Let $$ \vec{x_c} = (x_1 - \overline{x})\hat{i} + (x_2 - \overline{x})\hat{j} \\ \vec{y_c} = (y_1 - \overline{y})\hat{i} + (y_2 - \overline{y})\hat{j} \tag{9} $$

Then using same steps as above, we can show that,

$$ \text{cos }\theta = \dfrac{\vec{x_c}\bullet\vec{y_c}}{\lVert x_c \rVert \lVert y_c \rVert} \tag{10} $$

And the dot product,

$$ \vec{x_c} \bullet \vec{y_c} = \begin{matrix} \begin{bmatrix} x_1-\overline{x} & x_2 -\overline{x} \end{bmatrix} \\[2.8ex] \end{matrix} \begin{bmatrix} y_1 -\overline{y} \\ y_2 -\overline{y} \end{bmatrix} = \begin{bmatrix} x_1 -\overline{x} \\ x_2 -\overline{x} \end{bmatrix} \bullet \begin{bmatrix} y_1 -\overline{y} \\ y_2 -\overline{y} \end{bmatrix} = \sum_i^2 (x_i - \overline{x}) (y_i - \overline{y}) \tag{11} $$

and modulus of the vectors of course,

$$ \lVert x_c \rVert = \sqrt{\sum_i^2 (x_i - \overline{x})^2} \\ \lVert y_c \rVert = \sqrt{\sum_i^2 (y_i - \overline{y})^2} \tag{12} \\ $$

Thus eq.(10) becomes,

$$ \text{cos }\theta = \dfrac{\vec{x_c}\bullet\vec{y_c}}{\lVert x_c \rVert \lVert y_c \rVert} = \dfrac{\sum_i^2 (x_i - \overline{x}) (y_i - \overline{y})}{\sqrt{\sum_i^2 (x_i - \overline{x})^2}\sqrt{\sum_i^2 (y_i - \overline{y})^2}} = \dfrac{\text{cov}(X,Y)}{s_Xs_Y} = r \tag{13} $$

where $\text{cov}(X,Y)$ is sample covariance and $s_X,s_Y$ are unbiased sample standard deviations.

This is how the $r$ and angle between the vectors constructed out of the sample set are related. I have constructed with only sample size of 2 pairs $(x_1, y_1), (x_2,y_2)$, but this could be extended to any number of sample set size.

Thus a N sized sample set, could be imagined as 2 vectors of N dimensions and of course we cannot visualize it. But in that unimaginable N dimension, the angle $\theta$ between those "vectors" still be on a plane (2D), so the law of cosine still applies. Below is an image, where for $N=3$, we could visualize 2, 3D vectors, and you can see the angle sweeped between them is still on a 2D plane.
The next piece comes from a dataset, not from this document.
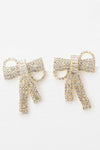 Crystal Bow Earrings (14k)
Of course we cannot go beyond 3D, but you can get the point.

enter image description here

Note that, the value of cosine ranges between $\pm 1$. So when both vectors are in same direction, the $\theta$ is 0, thus cos$\theta$ = 1, maximum value indicating perfect linearity. Similarly when both vectors are in opposite direction, $\theta = 180^{\circ}$, implying cos$\theta$ = -1. When the vectors are perpendicular to each other, $\theta = 90^{\circ}$ implying cos$\theta = 0$, thus zero correlation.